Manhattan is no longer the fastest, the most daring or even I dare say the richest. For a symbol of its civic energies now, I recommend an inspection of the abandoned West Side Highway, the victim of seven years’ municipal indecision, which staggers crumbling on its struts above a wilderness of empty lots, truck parks and shattered warehouses, the only signs of enterprise being the cyclists who cheerfully trundle along the top of it, and the railway coaches of the Ringling Bros, Barnum and Bailey Circus which park themselves habitually underneath.

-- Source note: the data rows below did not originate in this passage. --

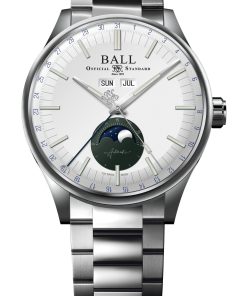 Engineer II Moon Calendar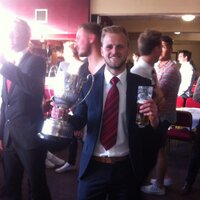 sam christopher (@samchristopher5) 's Twitter Profile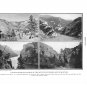 Montana Plate Print 1936 Book 2 pages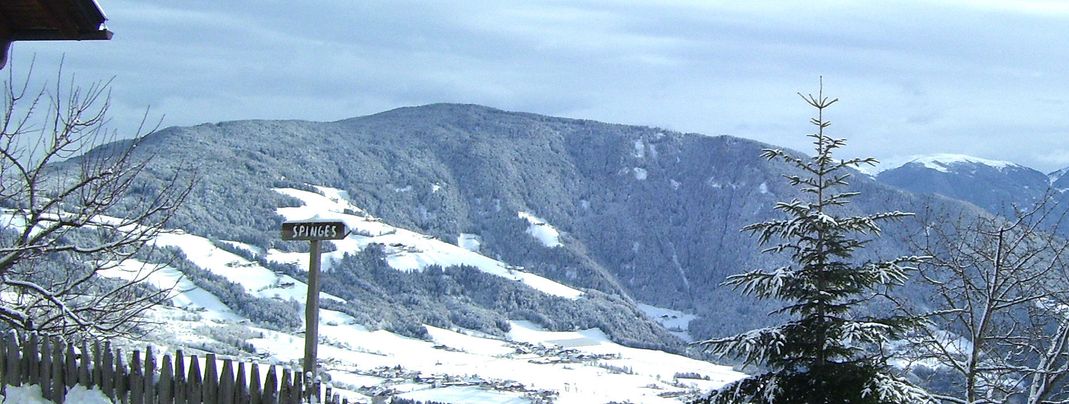 General information about your stay at Traterhof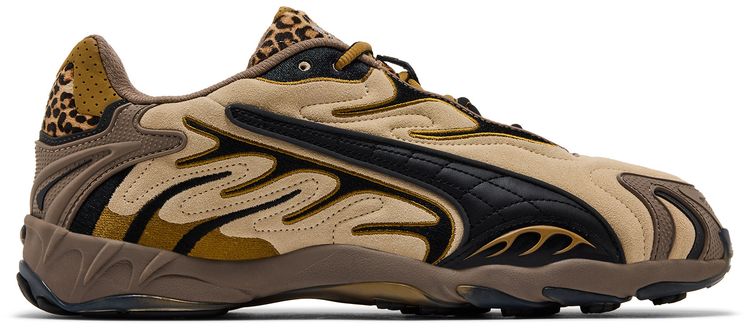 AAP Rocky x Puma Inhale Leopard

The falter came, I believe, in the fifties and sixties, when Manhattan began to see laissez faire, perhaps, as a less than absolute ideology. Doubts crept in. The pace slowed a bit. The sense of movement lagged. All the great ships no longer came in their grandeur to the Manhattan piers; the New York airports were far from the island; today even the helicopters, which were for a couple of decades the lively familiars of Manhattan, are banned from their wayward and fanciful antics around the skyscrapers. Bauhaus frowned down upon Radio City Music Hall, in those after-the-glory years, and most of Manhattan’s mid-century architecture was, by Hood’s standards, timid and banal. The truly original buildings were few, and worse still for my taste, the swagger-buildings were not built at all.

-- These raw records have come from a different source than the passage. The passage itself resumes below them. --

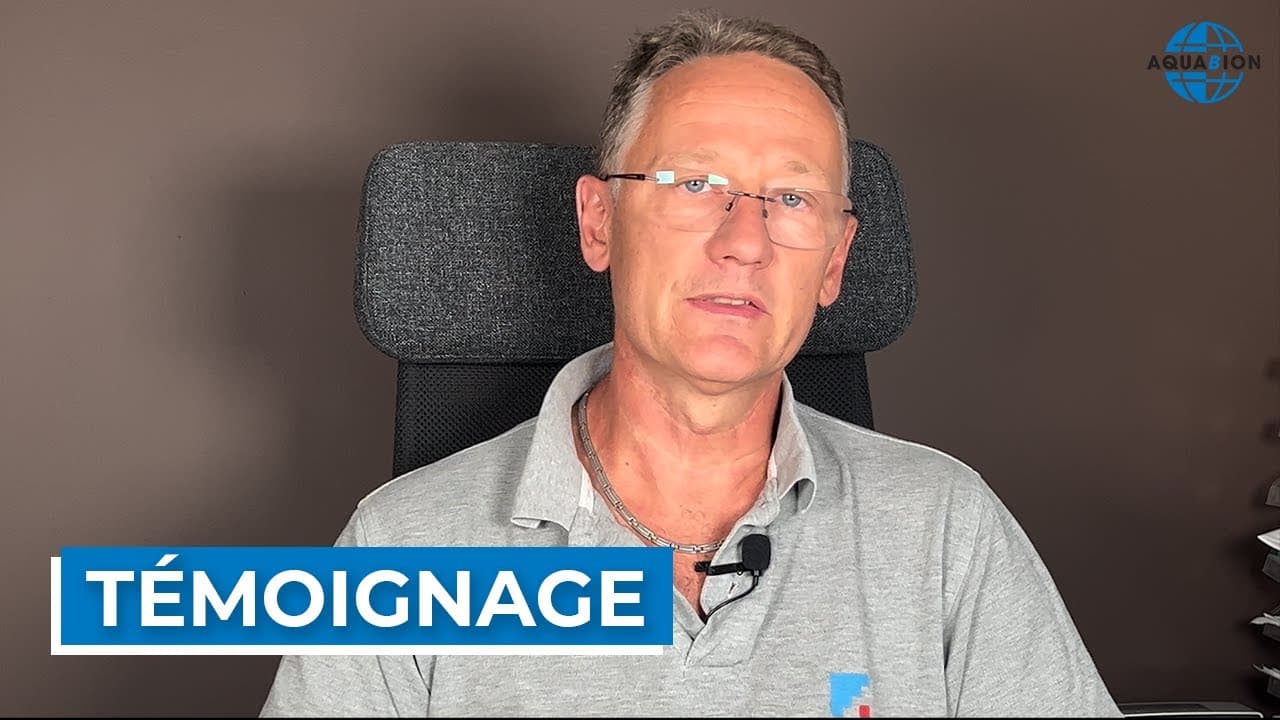 Témoignage de Michael V.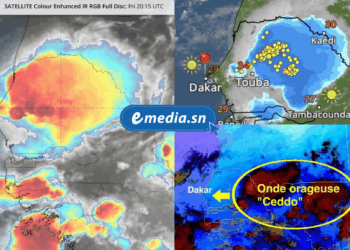 Le ministre de l’Hydraulique alerte sur des risques d’inondations : vigilance renforcée dans plusieurs régions 4 20250808 211349 0000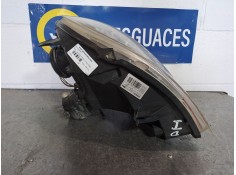 Recambio de faro izquierdo para renault kangoo (f/kc0) 1.5 dci diesel | 0.03 - ... 1.5 dci diesel | 0.03 - ... referencia OEM IA 2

The fashionable philosophy of smallness has strongly appealed to New Yorkers, in their new mood of restraint, and nowadays when citizens want to show you some innovation they are proud of, they generally take you to a dainty little kerbside park with waterfalls, or Roosevelt Island, an itsy-bitsy enclave of sociological good taste. Suavity, discretion and even modesty are the architectural qualities admired in Manhattan now, and the colossal is no longer welcomed.

*

And believe it or not,
quaintness
approaches. Mr Philip Johnson’s latest building is to be crowned with a decorative device like the back of a Chesterfield sofa: so does old age creep up, all but unsuspected, upon even the most dynamic organisms – Time’s A-Train, hurrying near! Manhattan
is no longer critical in the atomic sense: ‘No Nukes’ is a proper slogan for this gently decelerating powerhouse.

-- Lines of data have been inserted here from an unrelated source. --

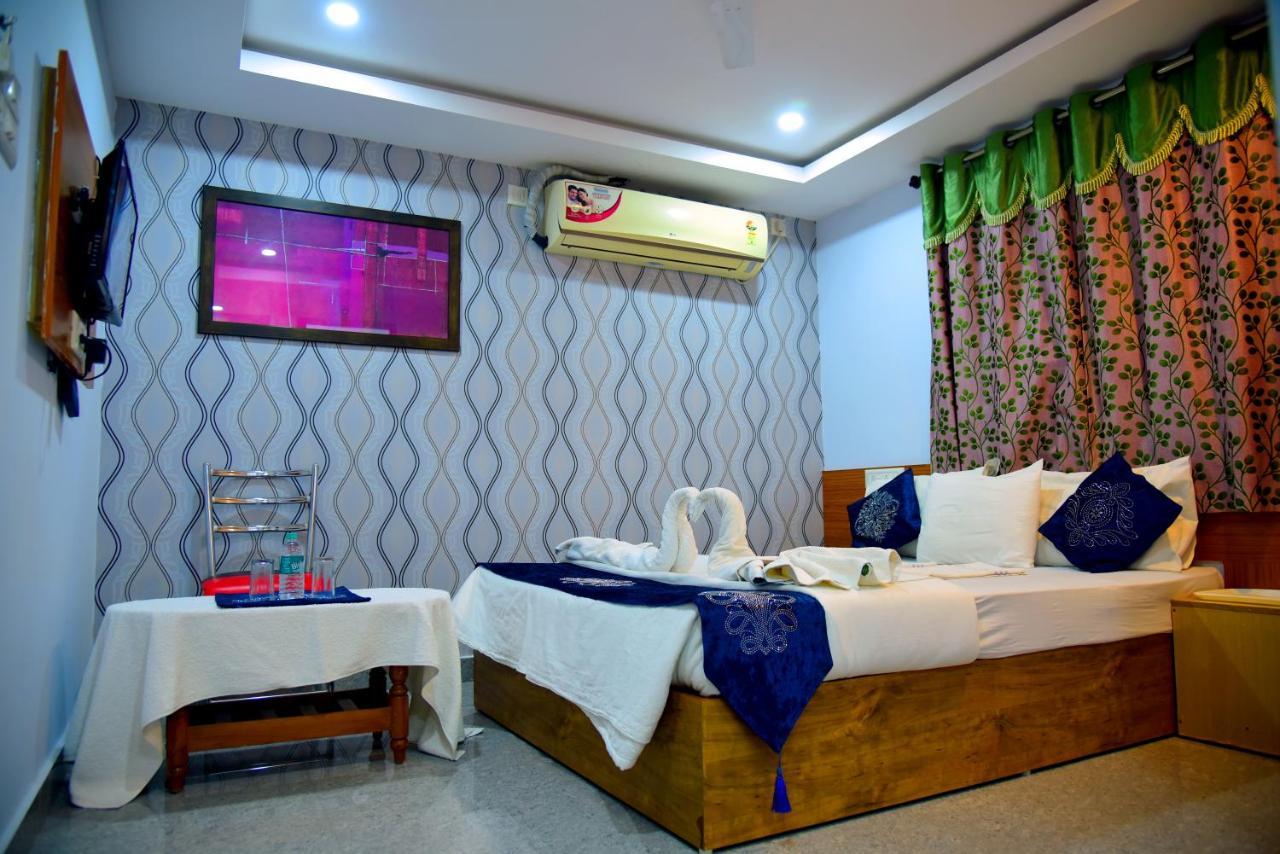 Hotel Housefinch Residency Dod Jala Екстер'єр фото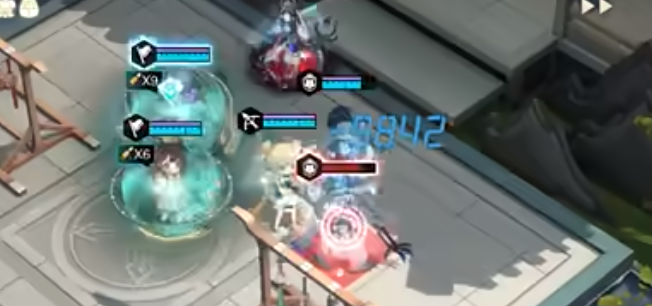 物华弥新针铺铜版装备怎么搭配2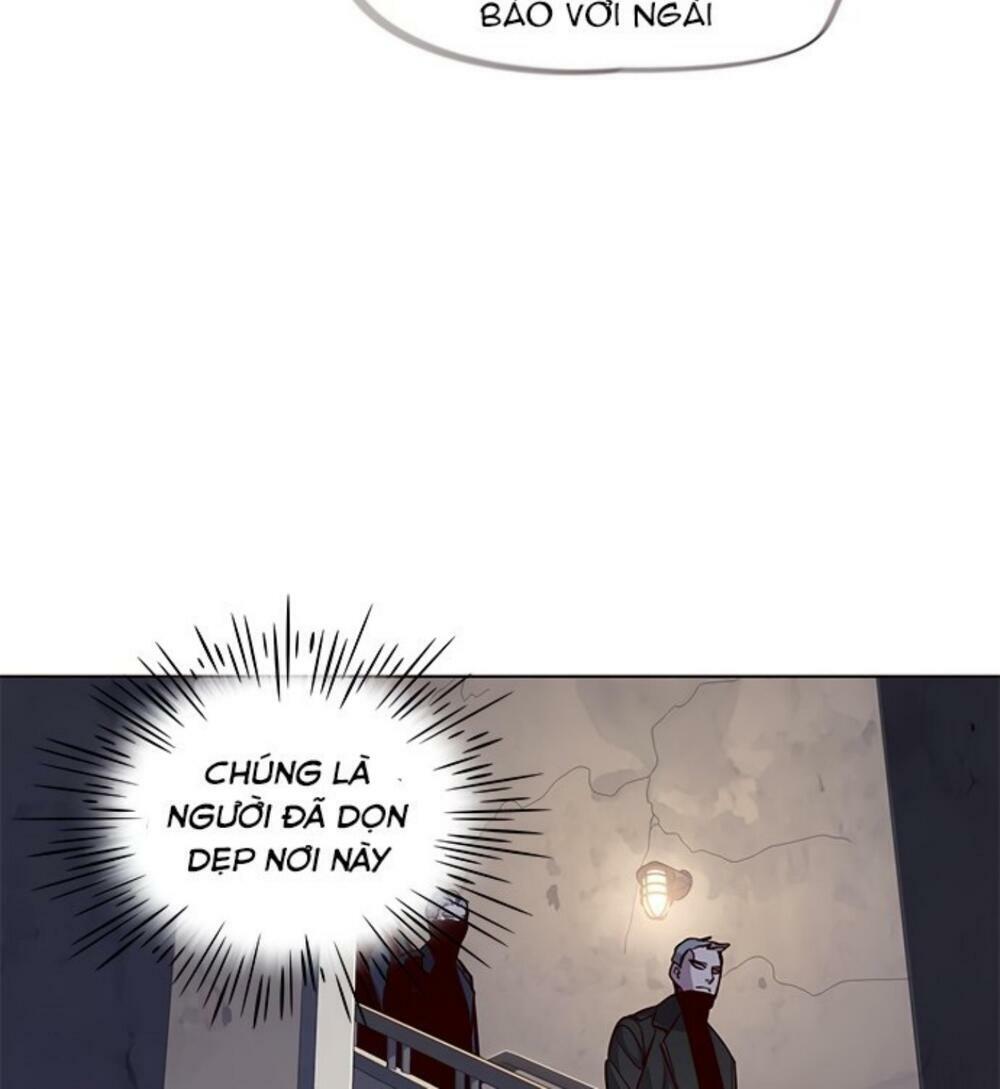 Hoá Thân Thành Mèo: Chapter 19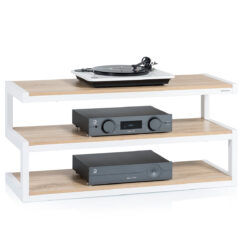 NorStone ESSE AV audio-video riiul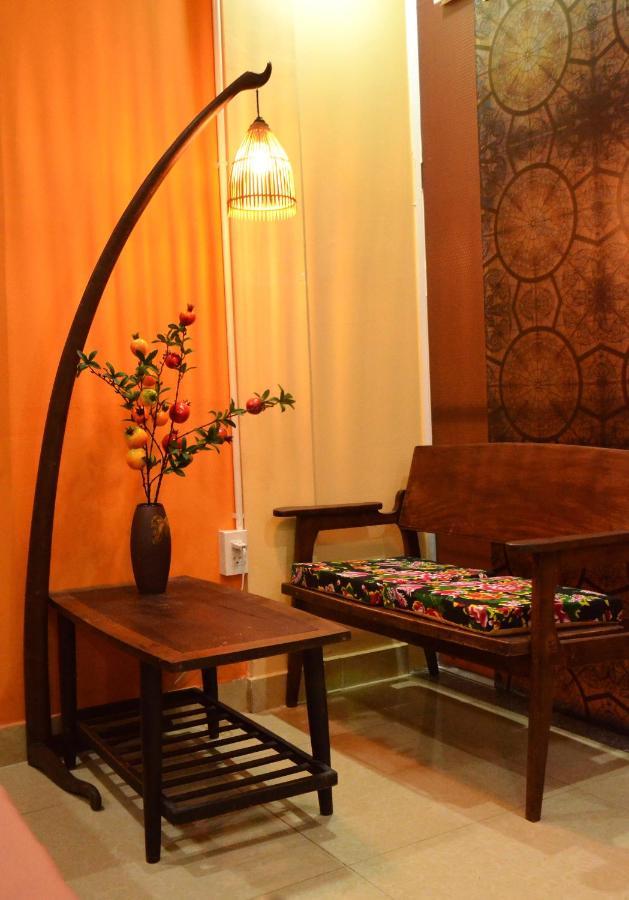Northern Hostel - Bui Vien Walking Street Bandar Ho Chi Minh Luaran gambar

It is not a sad spectacle. I find it endearing. If New York has lost the power to amaze, it is gaining the power to charm. It happened that when I was in Manhattan, Bonwit Teller, for generations one of the smartest stores on Fifth Avenue, closed its doors to make way for a building development. I went along there on the last day, and what a sentimental journey that was! Tears came to saleswomen’s eyes, as they pottered for the last time among the atrocious hats, unsellable ceramics, belts and bent coat hangers which were all that remained of their once-delectable stock: and an elderly customer I was buttonholed by in the elevators seemed almost distraught – something beautiful was going out of her life, she said, ‘a bit of New York, a little bit of me’.